Hello Steve. Yes you can put a gauge at one of the cylinder hoses. A T and a 3000 PSI gauge have a helper rune the controls while you watch the gauge. If you put the gauge on the top port max out the cylinder in the down position. You should get about 2500 PSI. Do the same on a bucket cylinder and compare . And if the same that would mean the cylinders are good and if pressure is low I would suspect the relief valve is faulty. I never rely looked on my 730 but the pressure relief valve might be adjustable. Maybe one of the other members will have an idea. Good luck


----------



## RC Wells (Dec 26, 2008)

Check your diverter valve on the tractor to de sure it is not partially open/closed, it is the valve with the knob and it pushes and pulls.

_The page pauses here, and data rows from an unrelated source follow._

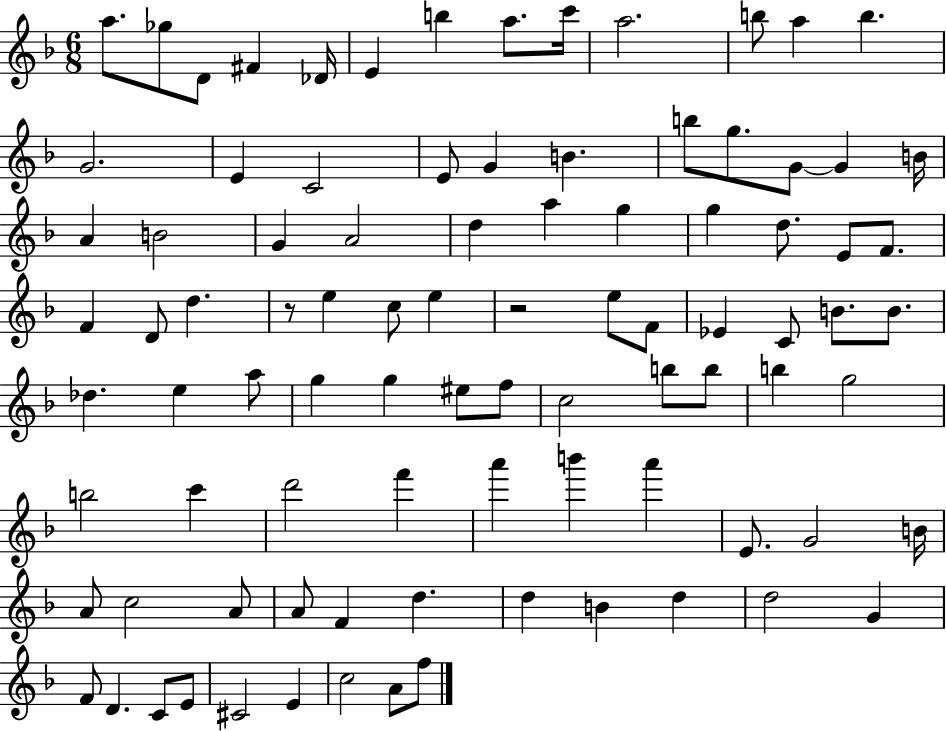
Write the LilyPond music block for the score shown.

{
  \clef treble
  \numericTimeSignature
  \time 6/8
  \key f \major
  a''8. ges''8 d'8 fis'4 des'16 | e'4 b''4 a''8. c'''16 | a''2. | b''8 a''4 b''4. | \break g'2. | e'4 c'2 | e'8 g'4 b'4. | b''8 g''8. g'8~~ g'4 b'16 | \break a'4 b'2 | g'4 a'2 | d''4 a''4 g''4 | g''4 d''8. e'8 f'8. | \break f'4 d'8 d''4. | r8 e''4 c''8 e''4 | r2 e''8 f'8 | ees'4 c'8 b'8. b'8. | \break des''4. e''4 a''8 | g''4 g''4 eis''8 f''8 | c''2 b''8 b''8 | b''4 g''2 | \break b''2 c'''4 | d'''2 f'''4 | a'''4 b'''4 a'''4 | e'8. g'2 b'16 | \break a'8 c''2 a'8 | a'8 f'4 d''4. | d''4 b'4 d''4 | d''2 g'4 | \break f'8 d'4. c'8 e'8 | cis'2 e'4 | c''2 a'8 f''8 | \bar "|."
}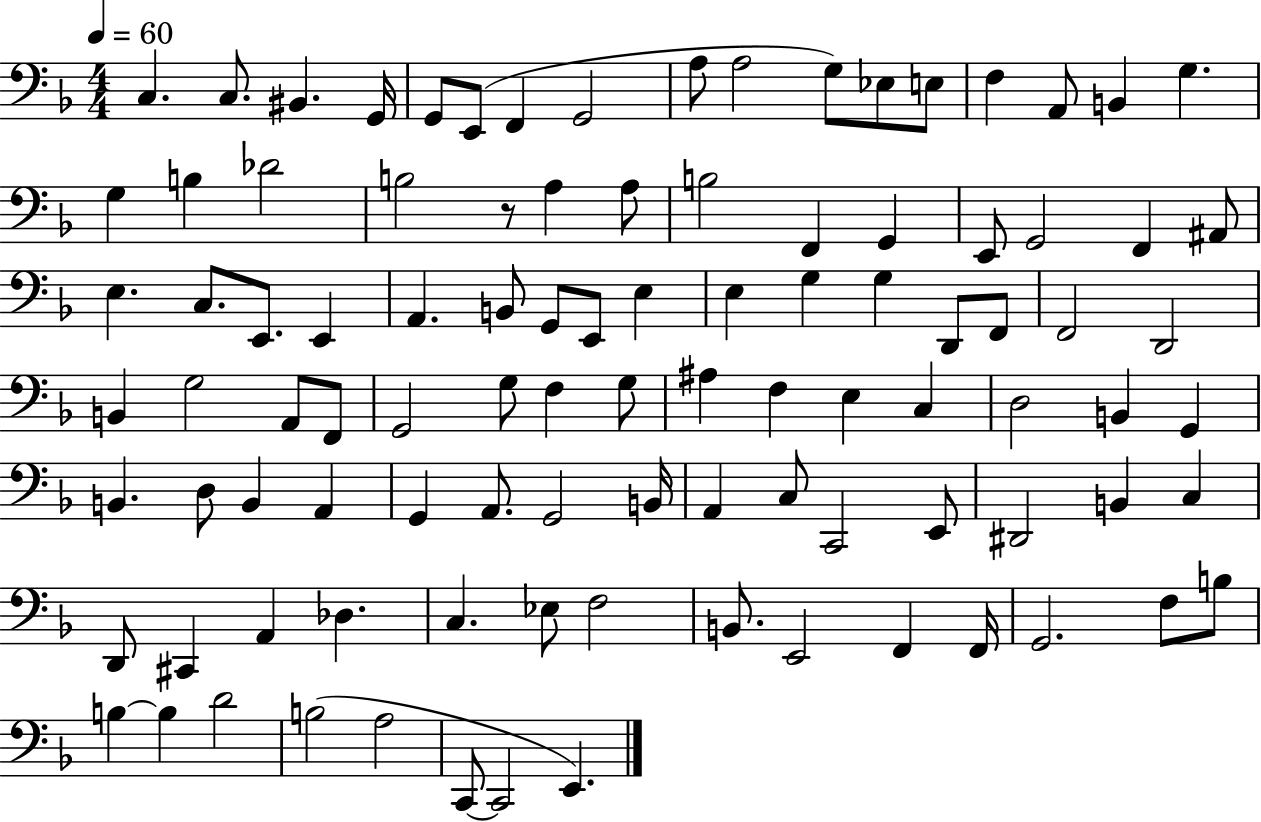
X:1
T:Untitled
M:4/4
L:1/4
K:F
C, C,/2 ^B,, G,,/4 G,,/2 E,,/2 F,, G,,2 A,/2 A,2 G,/2 _E,/2 E,/2 F, A,,/2 B,, G, G, B, _D2 B,2 z/2 A, A,/2 B,2 F,, G,, E,,/2 G,,2 F,, ^A,,/2 E, C,/2 E,,/2 E,, A,, B,,/2 G,,/2 E,,/2 E, E, G, G, D,,/2 F,,/2 F,,2 D,,2 B,, G,2 A,,/2 F,,/2 G,,2 G,/2 F, G,/2 ^A, F, E, C, D,2 B,, G,, B,, D,/2 B,, A,, G,, A,,/2 G,,2 B,,/4 A,, C,/2 C,,2 E,,/2 ^D,,2 B,, C, D,,/2 ^C,, A,, _D, C, _E,/2 F,2 B,,/2 E,,2 F,, F,,/4 G,,2 F,/2 B,/2 B, B, D2 B,2 A,2 C,,/2 C,,2 E,,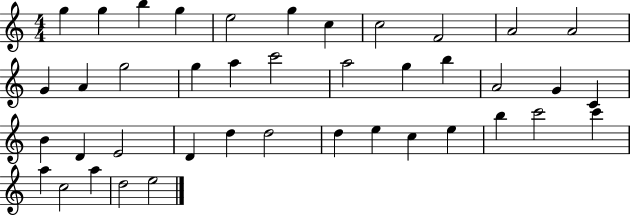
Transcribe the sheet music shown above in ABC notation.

X:1
T:Untitled
M:4/4
L:1/4
K:C
g g b g e2 g c c2 F2 A2 A2 G A g2 g a c'2 a2 g b A2 G C B D E2 D d d2 d e c e b c'2 c' a c2 a d2 e2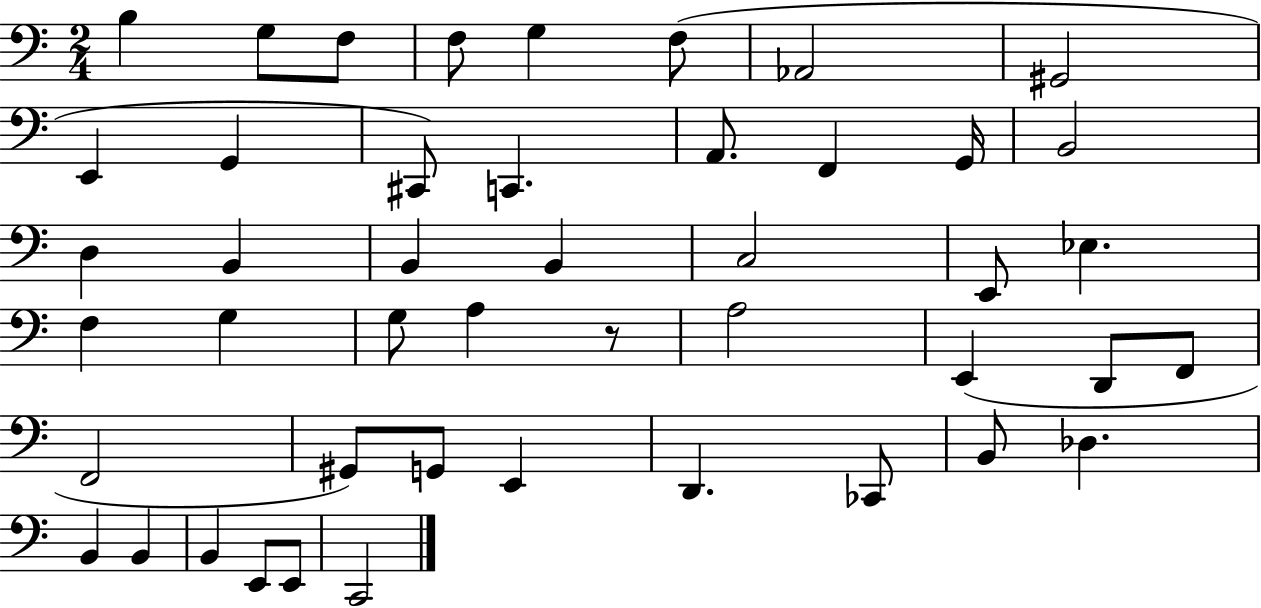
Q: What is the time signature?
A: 2/4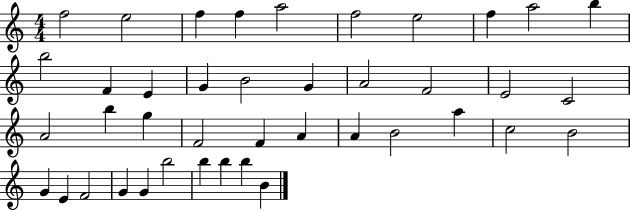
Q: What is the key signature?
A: C major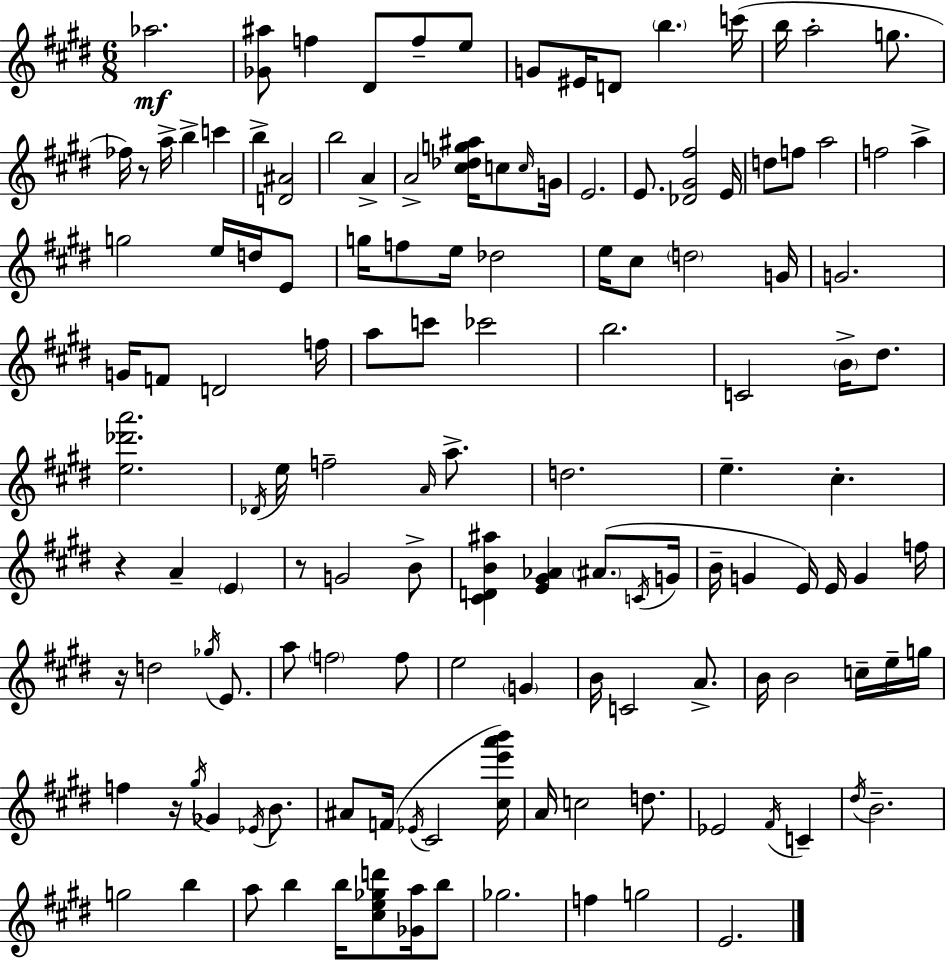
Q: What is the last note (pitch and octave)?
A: E4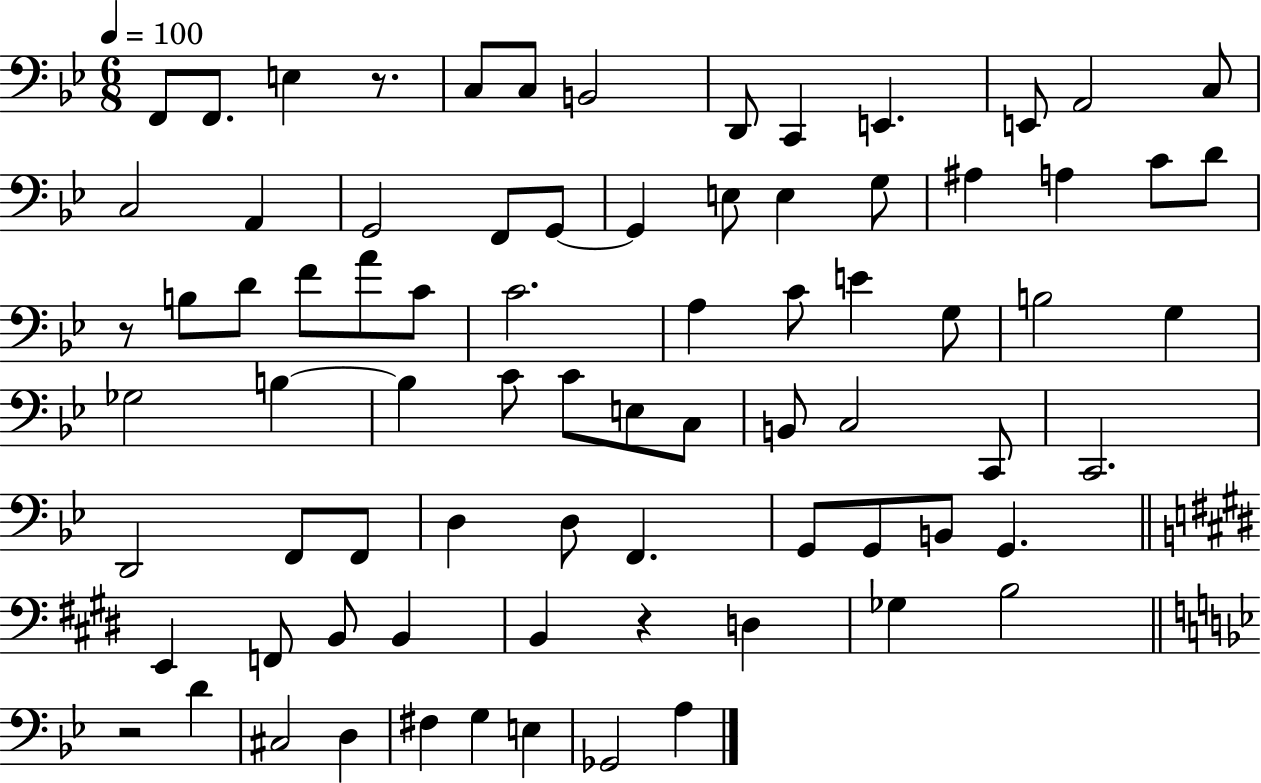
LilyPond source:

{
  \clef bass
  \numericTimeSignature
  \time 6/8
  \key bes \major
  \tempo 4 = 100
  \repeat volta 2 { f,8 f,8. e4 r8. | c8 c8 b,2 | d,8 c,4 e,4. | e,8 a,2 c8 | \break c2 a,4 | g,2 f,8 g,8~~ | g,4 e8 e4 g8 | ais4 a4 c'8 d'8 | \break r8 b8 d'8 f'8 a'8 c'8 | c'2. | a4 c'8 e'4 g8 | b2 g4 | \break ges2 b4~~ | b4 c'8 c'8 e8 c8 | b,8 c2 c,8 | c,2. | \break d,2 f,8 f,8 | d4 d8 f,4. | g,8 g,8 b,8 g,4. | \bar "||" \break \key e \major e,4 f,8 b,8 b,4 | b,4 r4 d4 | ges4 b2 | \bar "||" \break \key bes \major r2 d'4 | cis2 d4 | fis4 g4 e4 | ges,2 a4 | \break } \bar "|."
}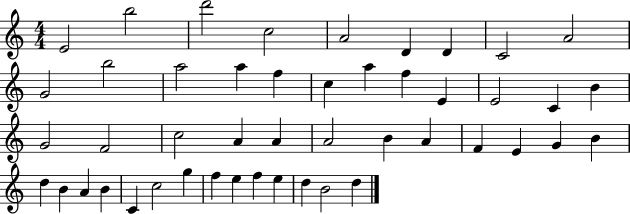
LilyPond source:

{
  \clef treble
  \numericTimeSignature
  \time 4/4
  \key c \major
  e'2 b''2 | d'''2 c''2 | a'2 d'4 d'4 | c'2 a'2 | \break g'2 b''2 | a''2 a''4 f''4 | c''4 a''4 f''4 e'4 | e'2 c'4 b'4 | \break g'2 f'2 | c''2 a'4 a'4 | a'2 b'4 a'4 | f'4 e'4 g'4 b'4 | \break d''4 b'4 a'4 b'4 | c'4 c''2 g''4 | f''4 e''4 f''4 e''4 | d''4 b'2 d''4 | \break \bar "|."
}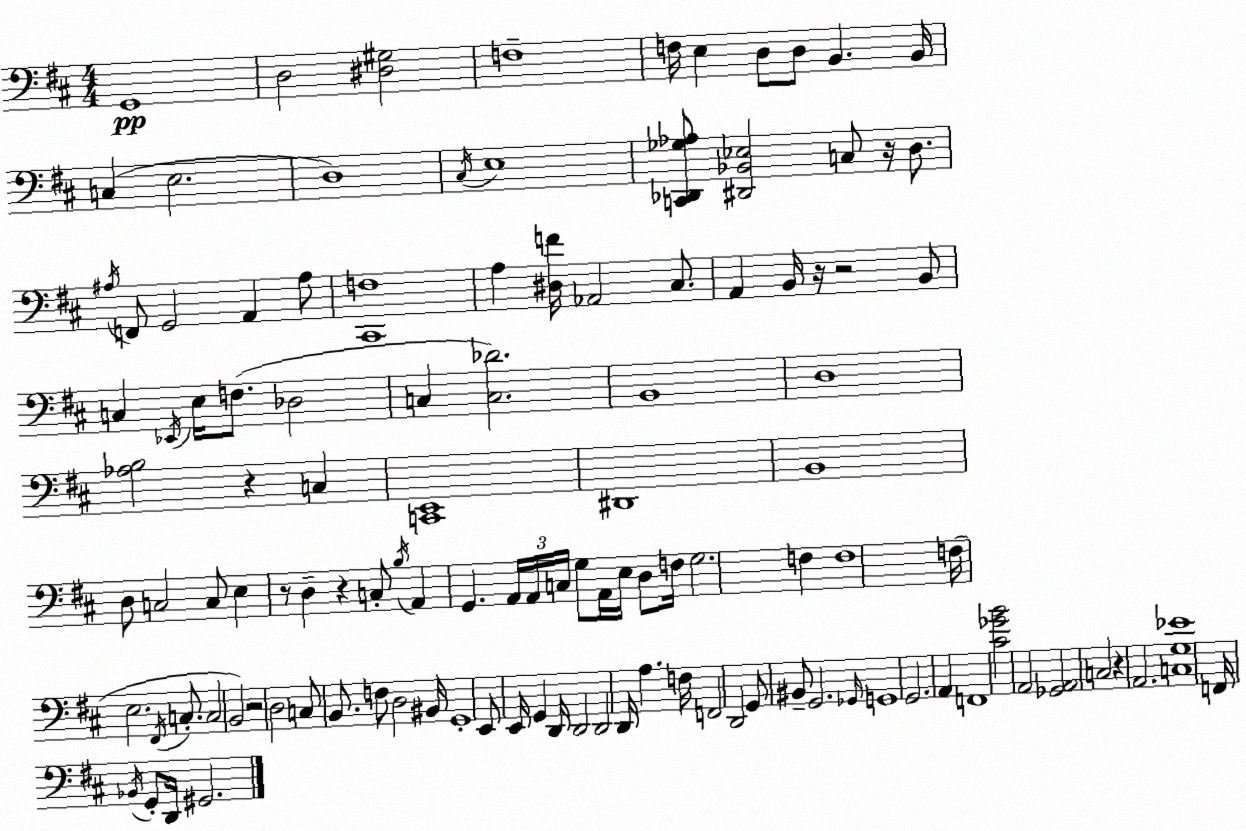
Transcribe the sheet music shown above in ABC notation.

X:1
T:Untitled
M:4/4
L:1/4
K:D
G,,4 D,2 [^D,^G,]2 F,4 F,/4 E, D,/2 D,/2 B,, B,,/4 C, E,2 D,4 ^C,/4 E,4 [C,,_D,,_G,_A,]/2 [^D,,_B,,_E,]2 C,/2 z/4 D,/2 ^A,/4 F,,/2 G,,2 A,, ^A,/2 [^C,,F,]4 A, [^D,F]/4 _A,,2 ^C,/2 A,, B,,/4 z/4 z2 B,,/2 C, _E,,/4 E,/4 F,/2 _D,2 C, [C,_D]2 B,,4 D,4 [_A,B,]2 z C, [C,,E,,]4 ^D,,4 B,,4 D,/2 C,2 C,/2 E, z/2 D, z C,/2 B,/4 A,, G,, A,,/4 A,,/4 C,/4 G,/2 A,,/4 E,/4 D,/2 F,/4 G,2 F, F,4 F,/4 E,2 ^F,,/4 C,/2 C,2 B,,2 z2 D,2 C,/2 B,,/2 F,/2 D,2 ^B,,/4 G,,4 E,,/2 E,,/4 G,, D,,/4 D,,2 D,,2 D,,/4 A, F,/4 F,,2 D,,2 G,,/2 ^B,,/2 G,,2 _G,,/4 G,,4 G,,2 A,, F,,4 [^C_GB]2 A,,2 [_G,,A,,]2 C,2 z A,,2 [C,G,_E]4 F,,/4 _B,,/4 G,,/2 D,,/4 ^G,,2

If that is good to go, the relief valve for the loader is the tube that sets back on the control valve side. It does have a single shim and normally three spacers behind the spring. Usually on that unit it is the poppet O ring that fails. You will find a diagram on the New Holland parts diagrams: https://partstore.agriculture.newho...b3b8f90d99a11dd51425cad94743c&sl=EN&currency=


----------



## sbarrett (Sep 5, 2018)

thanks guys for the replies,i will try plumbing in a gauge and see what i have, as far as the diverter valve being an issue,my tractor does not have one,my loader is run by a seperate pump driven by the front crankshaft pulley, thanks again Steve


----------



## sbarrett (Sep 5, 2018)

well i finally got a gauge hooked up to test the pressure, both the loader and bucket cylinders both show about 1300 to 1500 psi when you max out the travel,kinda hard to tell the exact amount because when it relieves,and the shuttering starts, the needle fluctuates very badly.my relief valve is up on top of the control valve and is easy to get to,so i took it out for a look. the diagram on new holland shows 3 spacers with the poppet, mine had 5, i wonder what that is all about,it also shows the shims to adjust pressure,but mine had none,any guidance would be appreciated, thanks for looking, Steve


----------



## dozer966 (Dec 30, 2014)

Bring the valve back to the HYD shop that rebuilt it. They did not do a proper bench test to adjust the relief valve.


----------



## sbarrett (Sep 5, 2018)

i agree, i will call them tomorrow.


----------



## Josh3400 (Aug 21, 2020)

RC, that link is now dead. Can you confirm if your advice was for the 19-512 frame, less float?
I have a similar issue, FEL lost power over time though. It currently can't lift the front end. I suspect the relief valve, but I can't find anything missing or extra on disassembly.
Thanks


----------